This month hasn’t been good for self at all. Had exams early this month, and what results that have been out so far have been very depressing because have not been able to get the As usually would’ve gotten due to the change in grade scheme. In previous semesters, an A is 75 marks and above, but from this semester onwards to get an A it’s 80 marks and above. Which means results for this semester and the next may look like am stupider than previous semesters, but it’s actually not because of the damn grade scheme change. So all the while have been thinking am pretty good in studies, but that’s obviously an illusion because it was easier to get an A before. So not only would seem stupider from this semester onwards, the GPA and CGPA would definitely slip as well because of the change, and dream of getting into Dean’s list will never be fulfilled. So what was A material in the past is no longer good enough now.
Had some problems with friends as well due to misunderstandings. It has been resolved now, but in that period felt quite upset because felt as if they don’t care for self. Obviously this is paranoia on self’s part as a result of being a horrible neurotic insecure by nature, but knowing that does not make you feel any better, does it? You would constantly struggle between your paranoia and your trying to reassure yourself that it just seems that way, it doesn’t necessarily mean that way. Yet when you have all the time in the world for them and they don’t due to reasons, the insecure side of you cannot help but feel rejected. Yes, yes, it’s nothing personal, but telling yourself that doesn’t work at all when you miss your friends and have not been in touch for a considerably long time in comparison to the days where you used to see them almost all your waking hours.
Feel so rejected. Am not good enough for school, am not good enough for friends.
You’re probably sick of all the self-pity displayed above, but it’s cathartic to put such things down in words. That’s self’s way of dealing with it, but you’re free to give self a friendly slap in the head and say come on sulz, get over yourself! Clearly am in need of a different perspective, seeing as have so much going for self, so much am blessed with yet am choosing to brood over things have no control of…
I have just cried my eyes out. I’m not done, actually, at the moment of typing this. I have been crying these past few days, to be honest. I feel so abandoned by my friends. I’m not sure if it has been resolved as I first thought. I wonder if this was because I was being too honest when speaking up during our disagreements. Before, I would always keep my dislikes to myself, thinking that it would go away (and I was also afraid to ruin the friendship), but instead it grew in my heart until I hated them. I thought if I am honest this time around, I won’t hold grudges. But now, it seems as if my honesty is causing them to hold a passive-aggressive grudge against me.

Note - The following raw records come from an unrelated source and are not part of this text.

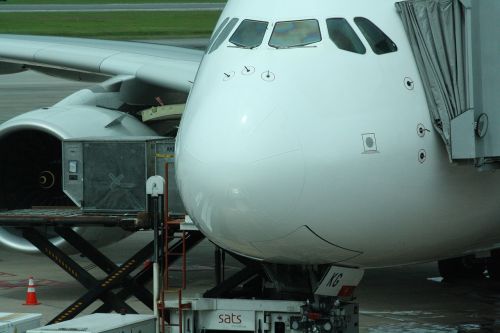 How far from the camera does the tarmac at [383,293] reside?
1519 centimetres

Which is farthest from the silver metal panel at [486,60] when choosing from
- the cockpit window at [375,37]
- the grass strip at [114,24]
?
the grass strip at [114,24]

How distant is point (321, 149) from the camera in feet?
33.2

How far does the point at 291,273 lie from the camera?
11.5 metres

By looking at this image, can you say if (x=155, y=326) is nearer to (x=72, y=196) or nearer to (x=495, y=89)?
(x=72, y=196)

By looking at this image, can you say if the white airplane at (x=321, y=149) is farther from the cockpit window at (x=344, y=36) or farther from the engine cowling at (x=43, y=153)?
the engine cowling at (x=43, y=153)

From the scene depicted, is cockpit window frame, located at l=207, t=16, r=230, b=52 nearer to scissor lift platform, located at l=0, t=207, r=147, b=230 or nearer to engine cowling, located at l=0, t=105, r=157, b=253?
scissor lift platform, located at l=0, t=207, r=147, b=230

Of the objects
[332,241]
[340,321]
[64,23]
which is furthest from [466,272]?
[64,23]

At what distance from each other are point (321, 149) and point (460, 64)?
164 cm

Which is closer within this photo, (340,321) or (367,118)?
(367,118)

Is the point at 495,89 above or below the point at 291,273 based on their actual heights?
above

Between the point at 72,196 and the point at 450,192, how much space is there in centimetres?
590

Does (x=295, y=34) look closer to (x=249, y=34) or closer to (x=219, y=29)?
(x=249, y=34)

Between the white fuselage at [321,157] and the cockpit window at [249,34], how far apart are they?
6cm

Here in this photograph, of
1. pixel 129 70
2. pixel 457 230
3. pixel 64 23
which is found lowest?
pixel 457 230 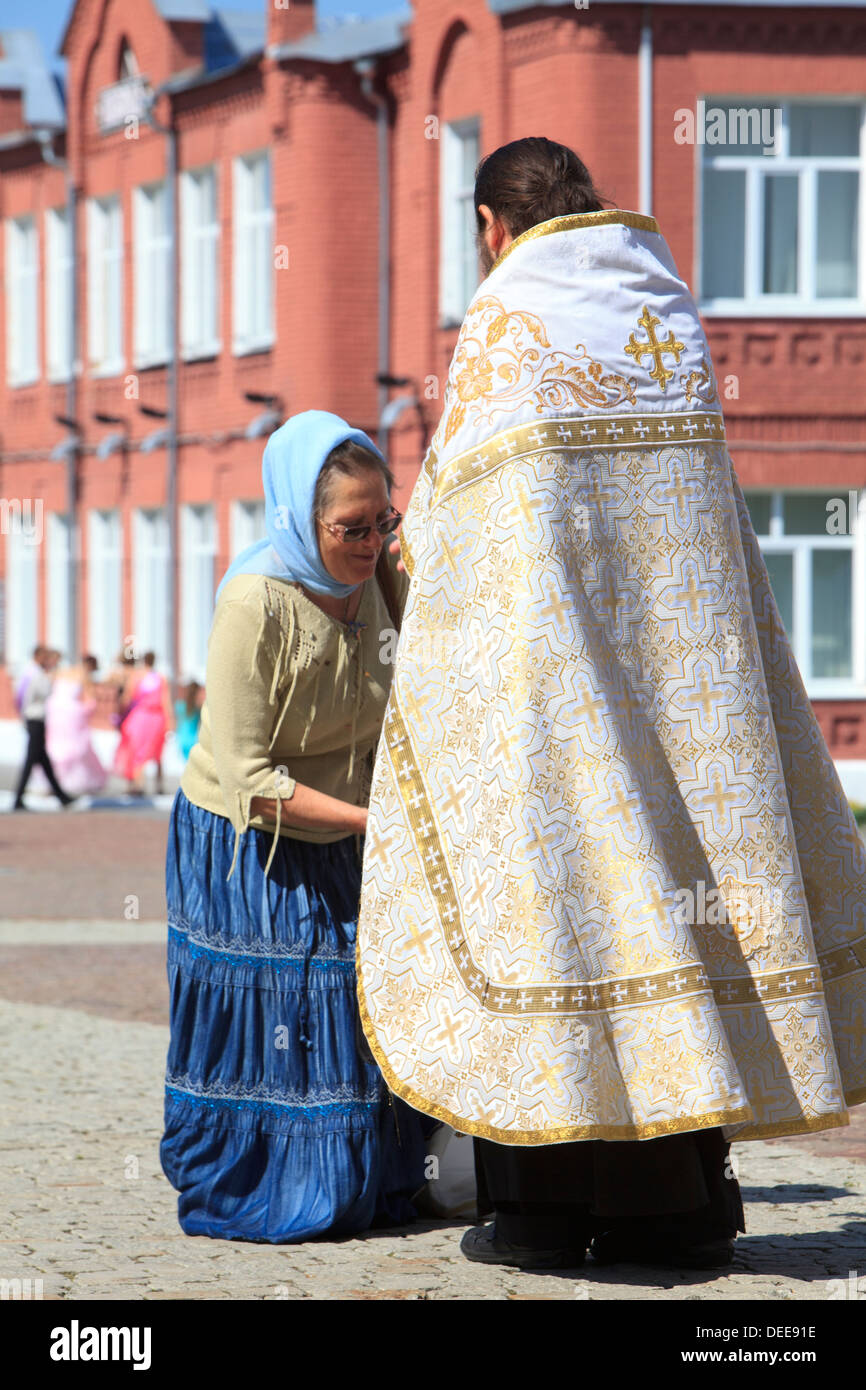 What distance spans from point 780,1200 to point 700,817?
5.30ft

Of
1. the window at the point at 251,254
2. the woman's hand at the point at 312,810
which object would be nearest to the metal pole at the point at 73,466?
the window at the point at 251,254

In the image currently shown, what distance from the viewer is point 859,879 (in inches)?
180

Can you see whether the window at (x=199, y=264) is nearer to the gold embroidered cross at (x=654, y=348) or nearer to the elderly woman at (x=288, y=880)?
the elderly woman at (x=288, y=880)

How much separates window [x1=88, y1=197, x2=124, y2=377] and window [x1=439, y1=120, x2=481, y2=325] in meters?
7.85

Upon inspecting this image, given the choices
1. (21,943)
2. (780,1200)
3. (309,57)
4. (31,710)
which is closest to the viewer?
(780,1200)

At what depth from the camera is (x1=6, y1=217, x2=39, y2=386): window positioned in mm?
32312

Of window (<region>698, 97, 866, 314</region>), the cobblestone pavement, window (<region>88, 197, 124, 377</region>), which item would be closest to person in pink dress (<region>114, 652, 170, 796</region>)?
window (<region>698, 97, 866, 314</region>)

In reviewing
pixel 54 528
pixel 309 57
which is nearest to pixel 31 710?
pixel 309 57

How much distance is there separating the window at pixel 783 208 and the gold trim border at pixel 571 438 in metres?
17.4

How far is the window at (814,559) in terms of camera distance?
21688mm

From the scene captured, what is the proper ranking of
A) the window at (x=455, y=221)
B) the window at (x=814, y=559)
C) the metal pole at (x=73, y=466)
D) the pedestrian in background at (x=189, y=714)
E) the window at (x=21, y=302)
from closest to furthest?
the window at (x=814, y=559) → the pedestrian in background at (x=189, y=714) → the window at (x=455, y=221) → the metal pole at (x=73, y=466) → the window at (x=21, y=302)

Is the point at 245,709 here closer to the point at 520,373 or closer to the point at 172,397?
the point at 520,373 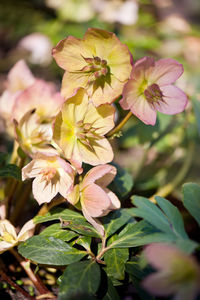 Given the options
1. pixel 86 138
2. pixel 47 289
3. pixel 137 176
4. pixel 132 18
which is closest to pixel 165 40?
pixel 132 18

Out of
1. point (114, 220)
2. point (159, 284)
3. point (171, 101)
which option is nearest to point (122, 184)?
point (114, 220)

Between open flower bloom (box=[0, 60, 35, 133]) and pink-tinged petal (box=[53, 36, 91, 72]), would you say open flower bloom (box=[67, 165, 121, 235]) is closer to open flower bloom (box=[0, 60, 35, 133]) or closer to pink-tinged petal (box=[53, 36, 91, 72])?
pink-tinged petal (box=[53, 36, 91, 72])

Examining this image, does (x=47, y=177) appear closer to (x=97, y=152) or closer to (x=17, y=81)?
(x=97, y=152)

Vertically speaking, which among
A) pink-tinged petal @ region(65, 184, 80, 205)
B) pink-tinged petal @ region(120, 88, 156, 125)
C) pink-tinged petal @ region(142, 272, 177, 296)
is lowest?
pink-tinged petal @ region(65, 184, 80, 205)

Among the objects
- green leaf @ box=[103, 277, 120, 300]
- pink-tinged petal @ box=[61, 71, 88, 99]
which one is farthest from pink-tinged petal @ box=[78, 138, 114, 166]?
green leaf @ box=[103, 277, 120, 300]

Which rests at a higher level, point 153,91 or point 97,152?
point 153,91

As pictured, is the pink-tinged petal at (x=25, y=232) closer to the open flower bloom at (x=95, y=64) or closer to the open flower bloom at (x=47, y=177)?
the open flower bloom at (x=47, y=177)

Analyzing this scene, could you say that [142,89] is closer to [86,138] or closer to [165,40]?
[86,138] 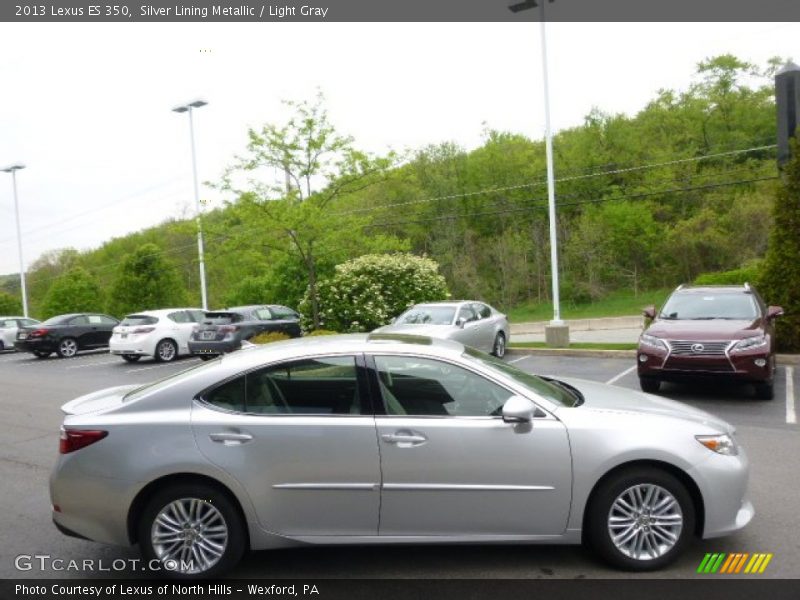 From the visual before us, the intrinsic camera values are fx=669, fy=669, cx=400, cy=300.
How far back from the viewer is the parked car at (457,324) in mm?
13922

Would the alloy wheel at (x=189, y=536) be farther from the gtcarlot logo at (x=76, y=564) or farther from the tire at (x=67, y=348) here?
the tire at (x=67, y=348)

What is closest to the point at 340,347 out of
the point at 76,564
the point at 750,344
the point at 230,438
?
the point at 230,438

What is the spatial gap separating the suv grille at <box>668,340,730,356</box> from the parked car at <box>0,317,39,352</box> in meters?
25.3

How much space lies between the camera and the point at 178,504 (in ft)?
13.5

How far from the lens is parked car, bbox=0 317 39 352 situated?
27219mm

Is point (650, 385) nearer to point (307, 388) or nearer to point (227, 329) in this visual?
point (307, 388)

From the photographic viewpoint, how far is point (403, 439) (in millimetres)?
4105

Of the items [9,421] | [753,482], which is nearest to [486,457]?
[753,482]

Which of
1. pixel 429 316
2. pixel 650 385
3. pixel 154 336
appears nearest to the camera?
pixel 650 385

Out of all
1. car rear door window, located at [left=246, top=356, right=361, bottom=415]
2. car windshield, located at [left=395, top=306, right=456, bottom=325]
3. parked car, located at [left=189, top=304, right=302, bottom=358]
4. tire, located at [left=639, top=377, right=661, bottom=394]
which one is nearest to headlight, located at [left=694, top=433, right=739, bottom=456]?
car rear door window, located at [left=246, top=356, right=361, bottom=415]

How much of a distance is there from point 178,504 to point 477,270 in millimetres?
45322

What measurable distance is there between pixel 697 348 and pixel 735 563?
5757mm

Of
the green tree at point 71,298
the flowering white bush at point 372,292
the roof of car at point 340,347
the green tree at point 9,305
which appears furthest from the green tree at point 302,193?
the green tree at point 9,305

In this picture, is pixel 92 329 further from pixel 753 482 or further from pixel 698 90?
pixel 698 90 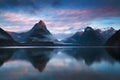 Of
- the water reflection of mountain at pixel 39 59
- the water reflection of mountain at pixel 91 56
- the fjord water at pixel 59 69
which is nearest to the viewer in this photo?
the fjord water at pixel 59 69

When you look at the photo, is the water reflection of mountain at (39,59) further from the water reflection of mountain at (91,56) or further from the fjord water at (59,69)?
the water reflection of mountain at (91,56)

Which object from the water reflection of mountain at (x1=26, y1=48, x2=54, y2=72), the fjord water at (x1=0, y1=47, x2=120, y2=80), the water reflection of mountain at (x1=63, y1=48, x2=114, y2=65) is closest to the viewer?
the fjord water at (x1=0, y1=47, x2=120, y2=80)

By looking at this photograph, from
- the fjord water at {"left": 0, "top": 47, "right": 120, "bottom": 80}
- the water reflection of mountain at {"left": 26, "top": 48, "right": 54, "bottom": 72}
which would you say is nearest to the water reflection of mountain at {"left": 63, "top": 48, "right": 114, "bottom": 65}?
the fjord water at {"left": 0, "top": 47, "right": 120, "bottom": 80}

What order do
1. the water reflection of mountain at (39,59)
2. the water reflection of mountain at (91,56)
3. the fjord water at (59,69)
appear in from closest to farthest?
the fjord water at (59,69)
the water reflection of mountain at (39,59)
the water reflection of mountain at (91,56)

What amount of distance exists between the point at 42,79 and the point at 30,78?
711 millimetres

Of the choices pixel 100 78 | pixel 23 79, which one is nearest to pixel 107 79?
pixel 100 78

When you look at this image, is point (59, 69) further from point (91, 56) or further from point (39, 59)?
point (91, 56)

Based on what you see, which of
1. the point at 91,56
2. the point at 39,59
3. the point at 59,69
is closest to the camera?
the point at 59,69

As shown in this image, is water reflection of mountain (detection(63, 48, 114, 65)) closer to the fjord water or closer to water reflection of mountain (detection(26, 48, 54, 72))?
the fjord water

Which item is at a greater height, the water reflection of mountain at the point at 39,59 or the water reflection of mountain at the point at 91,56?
the water reflection of mountain at the point at 39,59

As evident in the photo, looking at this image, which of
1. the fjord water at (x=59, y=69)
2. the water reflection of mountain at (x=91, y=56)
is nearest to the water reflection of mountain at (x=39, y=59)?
the fjord water at (x=59, y=69)

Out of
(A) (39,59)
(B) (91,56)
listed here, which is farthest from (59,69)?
(B) (91,56)

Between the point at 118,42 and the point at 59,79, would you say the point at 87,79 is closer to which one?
the point at 59,79

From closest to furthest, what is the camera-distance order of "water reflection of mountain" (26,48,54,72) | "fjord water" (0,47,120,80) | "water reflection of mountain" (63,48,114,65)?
"fjord water" (0,47,120,80), "water reflection of mountain" (26,48,54,72), "water reflection of mountain" (63,48,114,65) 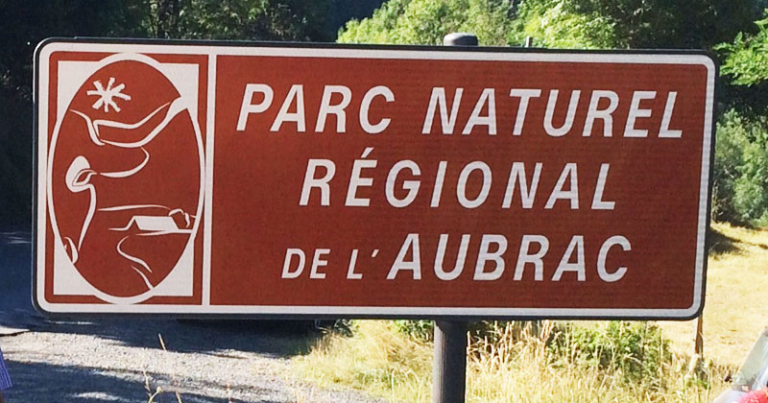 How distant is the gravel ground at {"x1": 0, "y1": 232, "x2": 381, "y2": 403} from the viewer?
9.22 meters

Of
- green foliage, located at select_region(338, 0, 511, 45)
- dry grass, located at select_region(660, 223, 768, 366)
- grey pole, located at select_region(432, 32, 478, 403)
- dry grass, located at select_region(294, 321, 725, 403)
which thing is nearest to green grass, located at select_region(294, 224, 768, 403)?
dry grass, located at select_region(294, 321, 725, 403)

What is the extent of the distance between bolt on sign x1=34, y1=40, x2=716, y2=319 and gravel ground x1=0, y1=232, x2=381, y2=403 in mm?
5029

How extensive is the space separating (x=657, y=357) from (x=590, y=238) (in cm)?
612

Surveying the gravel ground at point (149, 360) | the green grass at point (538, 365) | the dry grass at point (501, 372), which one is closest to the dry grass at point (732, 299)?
the green grass at point (538, 365)

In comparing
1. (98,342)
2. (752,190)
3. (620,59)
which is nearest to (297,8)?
(752,190)

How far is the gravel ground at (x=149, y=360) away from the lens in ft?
30.2

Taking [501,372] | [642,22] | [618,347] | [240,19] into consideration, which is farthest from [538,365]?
[240,19]

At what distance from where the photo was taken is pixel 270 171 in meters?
2.05

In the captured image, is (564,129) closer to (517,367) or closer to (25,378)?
(517,367)

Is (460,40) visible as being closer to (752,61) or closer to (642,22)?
(752,61)

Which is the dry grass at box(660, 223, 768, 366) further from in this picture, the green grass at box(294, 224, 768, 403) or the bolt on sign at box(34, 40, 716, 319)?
the bolt on sign at box(34, 40, 716, 319)

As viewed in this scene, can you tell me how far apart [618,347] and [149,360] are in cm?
584

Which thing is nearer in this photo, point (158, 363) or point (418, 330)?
point (418, 330)

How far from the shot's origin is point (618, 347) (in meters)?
7.97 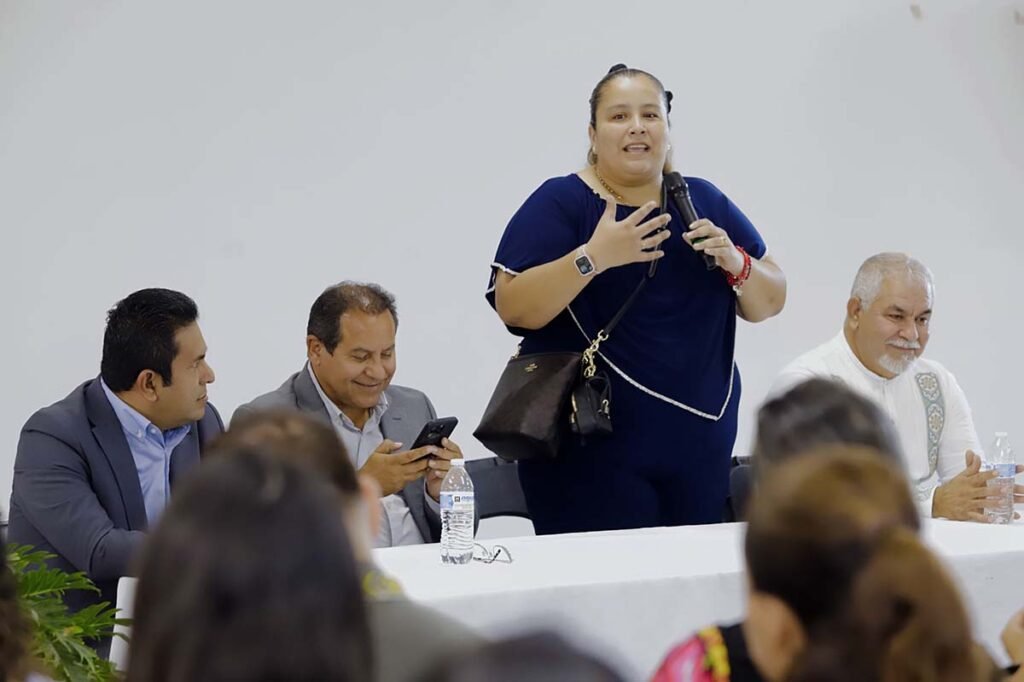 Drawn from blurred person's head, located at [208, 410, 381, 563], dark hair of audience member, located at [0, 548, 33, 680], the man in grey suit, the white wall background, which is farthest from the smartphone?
dark hair of audience member, located at [0, 548, 33, 680]

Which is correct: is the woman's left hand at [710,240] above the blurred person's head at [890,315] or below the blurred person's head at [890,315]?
above

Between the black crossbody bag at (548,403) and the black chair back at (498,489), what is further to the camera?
the black chair back at (498,489)

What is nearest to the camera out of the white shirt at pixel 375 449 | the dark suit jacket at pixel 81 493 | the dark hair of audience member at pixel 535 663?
the dark hair of audience member at pixel 535 663

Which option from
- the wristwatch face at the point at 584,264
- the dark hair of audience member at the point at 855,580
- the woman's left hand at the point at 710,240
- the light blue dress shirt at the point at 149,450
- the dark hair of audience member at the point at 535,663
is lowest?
the light blue dress shirt at the point at 149,450

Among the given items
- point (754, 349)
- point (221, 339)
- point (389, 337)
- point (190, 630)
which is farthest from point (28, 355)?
point (190, 630)

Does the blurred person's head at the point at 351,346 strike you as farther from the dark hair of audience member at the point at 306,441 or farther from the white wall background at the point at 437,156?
the dark hair of audience member at the point at 306,441

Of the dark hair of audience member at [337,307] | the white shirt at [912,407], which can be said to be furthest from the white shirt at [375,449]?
the white shirt at [912,407]

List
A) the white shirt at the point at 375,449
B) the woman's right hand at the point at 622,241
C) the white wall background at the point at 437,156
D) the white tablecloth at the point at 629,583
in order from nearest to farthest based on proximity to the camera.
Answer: the white tablecloth at the point at 629,583
the woman's right hand at the point at 622,241
the white shirt at the point at 375,449
the white wall background at the point at 437,156

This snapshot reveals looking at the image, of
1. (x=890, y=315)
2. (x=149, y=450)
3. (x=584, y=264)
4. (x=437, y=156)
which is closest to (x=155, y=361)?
(x=149, y=450)

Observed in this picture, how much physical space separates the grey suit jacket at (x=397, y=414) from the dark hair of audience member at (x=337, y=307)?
0.13 m

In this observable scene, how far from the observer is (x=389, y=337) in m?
3.45

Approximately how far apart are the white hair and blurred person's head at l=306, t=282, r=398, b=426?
140cm

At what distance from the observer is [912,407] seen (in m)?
3.84

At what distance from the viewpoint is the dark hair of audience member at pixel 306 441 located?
135cm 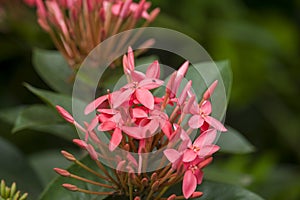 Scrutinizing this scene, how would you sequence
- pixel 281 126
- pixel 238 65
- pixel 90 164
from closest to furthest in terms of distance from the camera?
1. pixel 90 164
2. pixel 238 65
3. pixel 281 126

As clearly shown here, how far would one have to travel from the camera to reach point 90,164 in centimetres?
94

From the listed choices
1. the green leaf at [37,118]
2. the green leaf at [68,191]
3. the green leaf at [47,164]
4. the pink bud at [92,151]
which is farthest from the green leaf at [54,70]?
the pink bud at [92,151]

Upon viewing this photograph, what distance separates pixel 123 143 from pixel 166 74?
1.14ft

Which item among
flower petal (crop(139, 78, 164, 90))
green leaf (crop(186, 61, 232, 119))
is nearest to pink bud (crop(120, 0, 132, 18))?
green leaf (crop(186, 61, 232, 119))

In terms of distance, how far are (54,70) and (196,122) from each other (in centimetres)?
53

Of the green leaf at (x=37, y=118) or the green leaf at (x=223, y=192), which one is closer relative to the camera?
the green leaf at (x=223, y=192)

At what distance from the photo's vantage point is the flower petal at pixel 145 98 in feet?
2.51

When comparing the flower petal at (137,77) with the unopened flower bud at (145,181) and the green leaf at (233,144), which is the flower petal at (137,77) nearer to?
the unopened flower bud at (145,181)

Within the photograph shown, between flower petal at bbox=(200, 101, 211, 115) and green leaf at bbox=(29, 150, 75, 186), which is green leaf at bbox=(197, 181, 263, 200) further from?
green leaf at bbox=(29, 150, 75, 186)

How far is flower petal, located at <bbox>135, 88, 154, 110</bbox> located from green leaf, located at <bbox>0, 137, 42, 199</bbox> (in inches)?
20.6

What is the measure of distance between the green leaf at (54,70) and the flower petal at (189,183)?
1.64 feet

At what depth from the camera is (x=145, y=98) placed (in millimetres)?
769

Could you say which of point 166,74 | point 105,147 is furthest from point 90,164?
point 166,74

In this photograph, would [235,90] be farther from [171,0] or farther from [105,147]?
[105,147]
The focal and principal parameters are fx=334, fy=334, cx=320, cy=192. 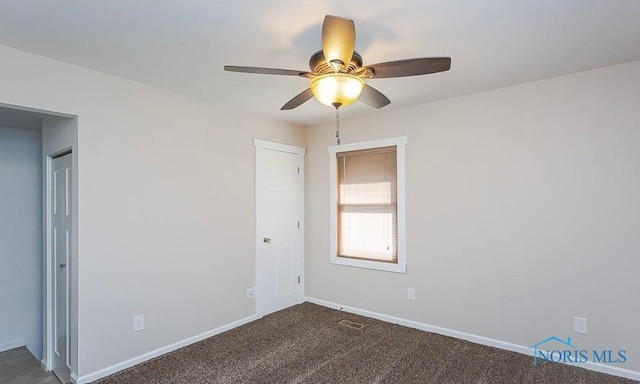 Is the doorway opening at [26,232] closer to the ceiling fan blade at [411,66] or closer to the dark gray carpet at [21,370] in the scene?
the dark gray carpet at [21,370]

I am having some really personal problems, and I feel like I don’t have anyone to confide in. I feel like the people closest to me are not there for me when I need them most, whether by choice or circumstance I don’t know. And it hurts so much, because I think I have been there for them when they needed someone to listen. I have opened up to them during the good times, and I feel like my trust has been betrayed because they have not kept their promises, they are being fair-weathered friends who spew sweet, spurious promises only someone as naive and desperate for love and acceptance as me would fall for. And the very few times I nearly told them of my problems, they went on and on about their problems, never even bothered to ask me how I am, knowing that I am having personal problems.
I just wish they would tell me they care about me, that they hadn’t forgotten me, that they are thinking of me. Even if it means them scolding me for something I have done to have made them angry.